**WHAT THE TASK REQUIRES**
Every record below should be printed exactly as it appears.

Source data

######

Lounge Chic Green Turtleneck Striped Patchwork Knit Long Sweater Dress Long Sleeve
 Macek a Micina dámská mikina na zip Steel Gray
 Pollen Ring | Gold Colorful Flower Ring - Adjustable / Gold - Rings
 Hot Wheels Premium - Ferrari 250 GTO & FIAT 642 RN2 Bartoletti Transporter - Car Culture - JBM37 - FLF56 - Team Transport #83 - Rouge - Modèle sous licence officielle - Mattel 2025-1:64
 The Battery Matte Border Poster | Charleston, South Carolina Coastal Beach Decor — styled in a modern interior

######

**SOLUTION FOR THIS EXERCISE**
Lounge Chic Green Turtleneck Striped Patchwork Knit Long Sweater Dress Long Sleeve
 Macek a Micina dámská mikina na zip Steel Gray
 Pollen Ring | Gold Colorful Flower Ring - Adjustable / Gold - Rings
 Hot Wheels Premium - Ferrari 250 GTO & FIAT 642 RN2 Bartoletti Transporter - Car Culture - JBM37 - FLF56 - Team Transport #83 - Rouge - Modèle sous licence officielle - Mattel 2025-1:64
 The Battery Matte Border Poster | Charleston, South Carolina Coastal Beach Decor — styled in a modern interior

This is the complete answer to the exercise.